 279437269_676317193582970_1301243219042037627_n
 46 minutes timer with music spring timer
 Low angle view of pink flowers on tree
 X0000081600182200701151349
--
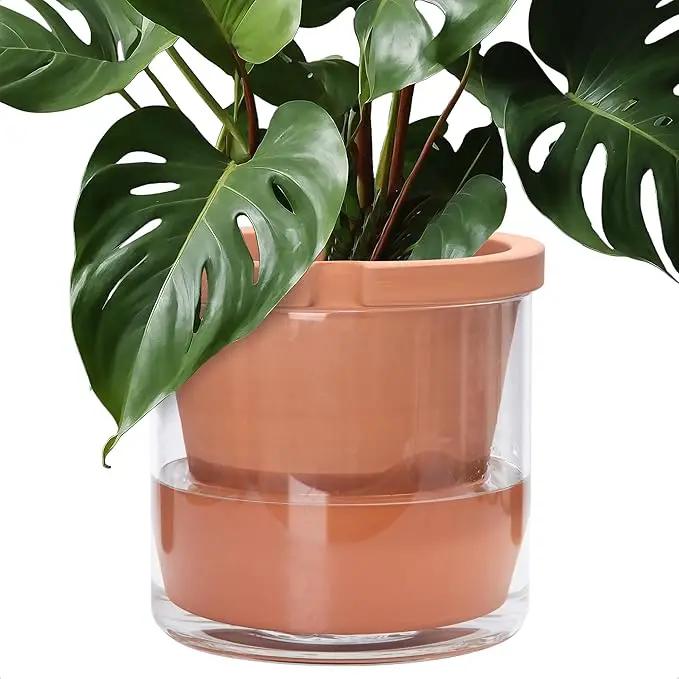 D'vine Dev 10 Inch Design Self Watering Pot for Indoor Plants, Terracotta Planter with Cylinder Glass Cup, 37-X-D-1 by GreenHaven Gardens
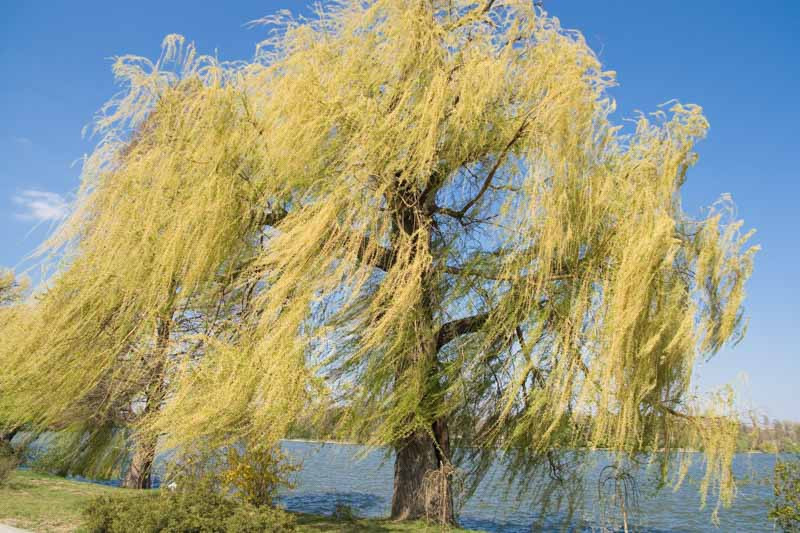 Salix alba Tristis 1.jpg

### Problem
Would you print, exactly as written, every line above from the one holding "279437269_676317193582970_1301243219042037627_n" through the one holding "X0000081600182200701151349", with both included and no other lines?

### Solution for this problem
 279437269_676317193582970_1301243219042037627_n
 46 minutes timer with music spring timer
 Low angle view of pink flowers on tree
 X0000081600182200701151349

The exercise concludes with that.